### Source information
-----
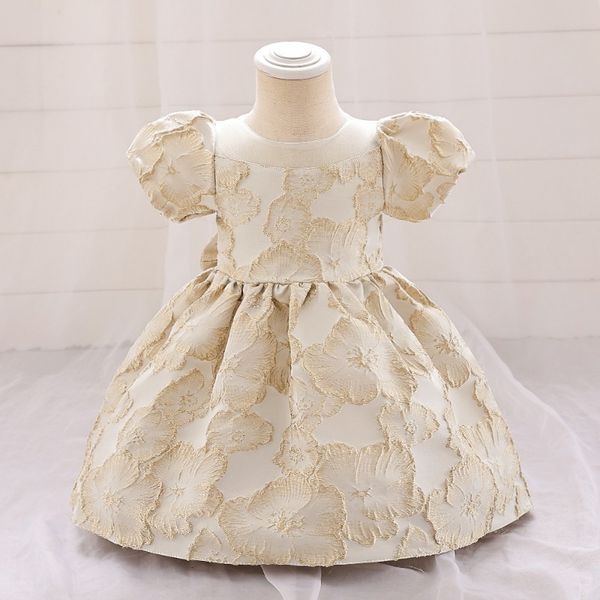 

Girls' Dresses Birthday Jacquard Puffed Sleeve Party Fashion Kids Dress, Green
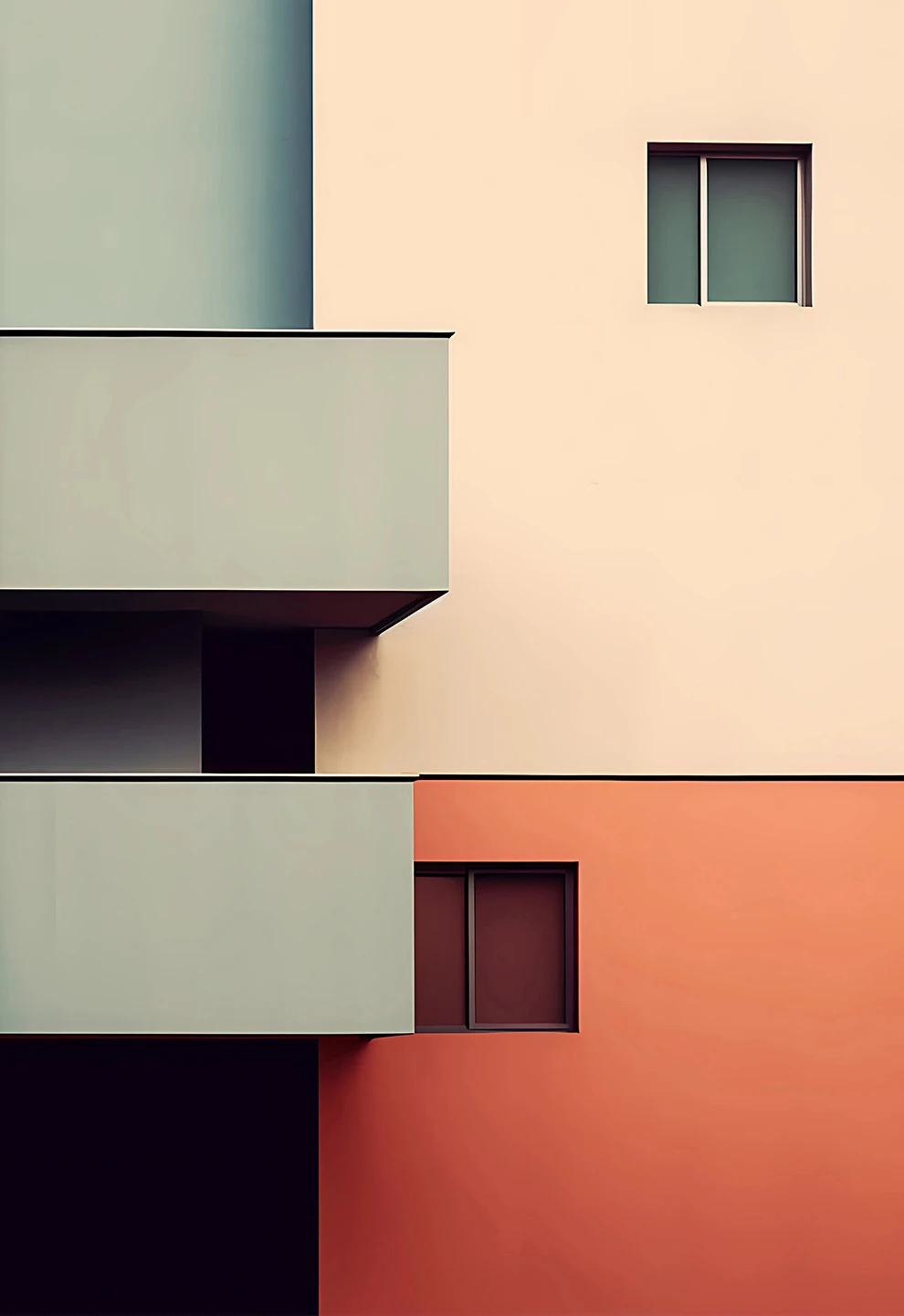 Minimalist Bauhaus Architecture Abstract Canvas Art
-----
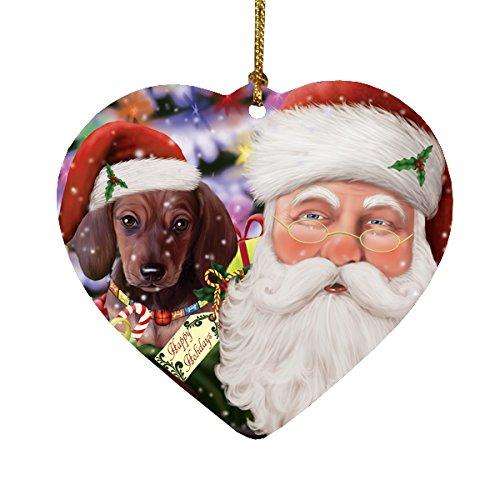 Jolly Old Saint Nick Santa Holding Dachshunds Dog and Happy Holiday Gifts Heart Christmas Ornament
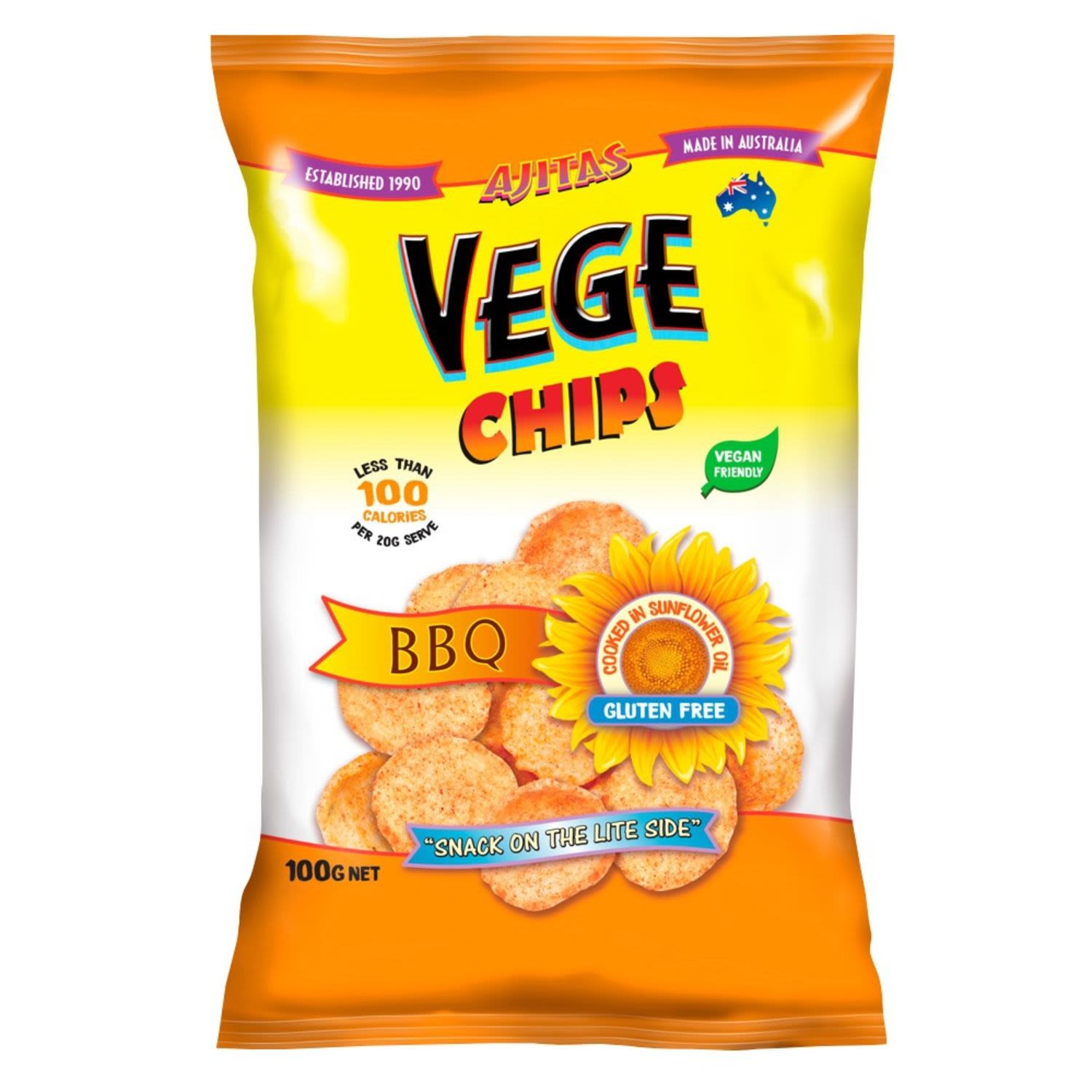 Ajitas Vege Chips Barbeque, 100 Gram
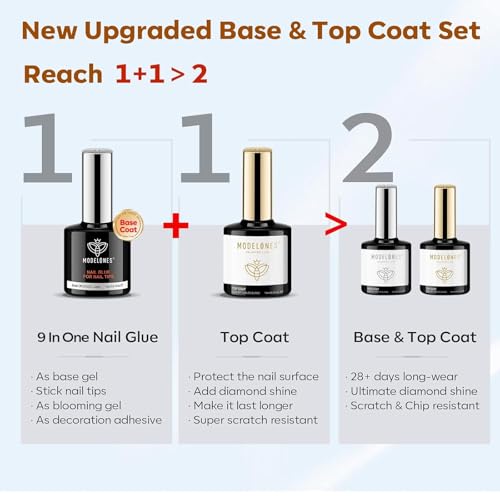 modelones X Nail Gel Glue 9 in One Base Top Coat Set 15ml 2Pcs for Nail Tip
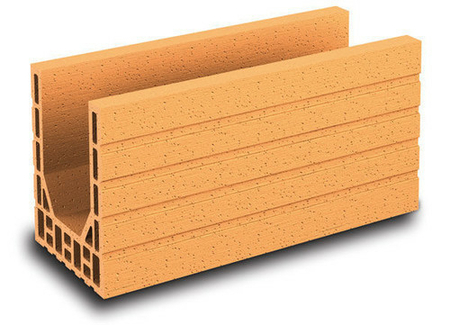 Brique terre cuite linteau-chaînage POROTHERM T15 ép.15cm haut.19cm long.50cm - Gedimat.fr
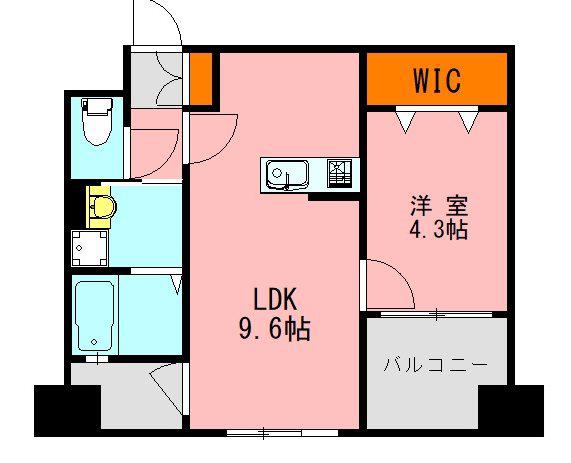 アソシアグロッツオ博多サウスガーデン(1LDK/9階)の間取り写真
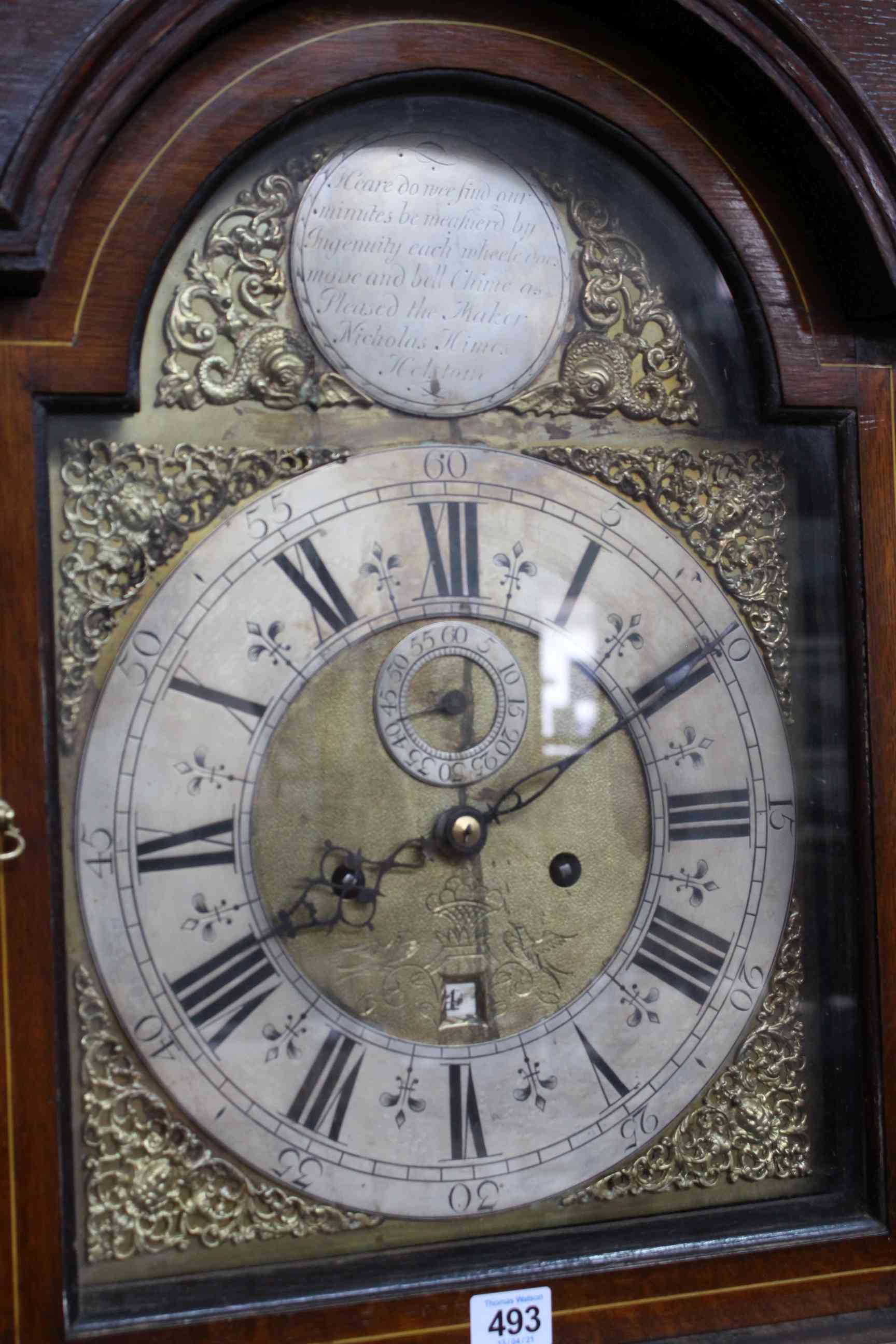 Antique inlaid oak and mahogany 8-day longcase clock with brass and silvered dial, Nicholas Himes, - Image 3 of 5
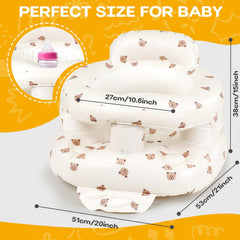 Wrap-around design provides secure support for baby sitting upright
-----
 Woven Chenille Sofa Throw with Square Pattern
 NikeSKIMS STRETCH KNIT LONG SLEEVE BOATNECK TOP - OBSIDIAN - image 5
-----
### Assigned task
Among the entries above, copy exactly the stretch from the line holding "Girls' Dresses Birthday" through the line holding "Minimalist Bauhaus Architecture", leaving out any pictures.

### Solution to this exercise
Girls' Dresses Birthday Jacquard Puffed Sleeve Party Fashion Kids Dress, Green
 Minimalist Bauhaus Architecture Abstract Canvas Art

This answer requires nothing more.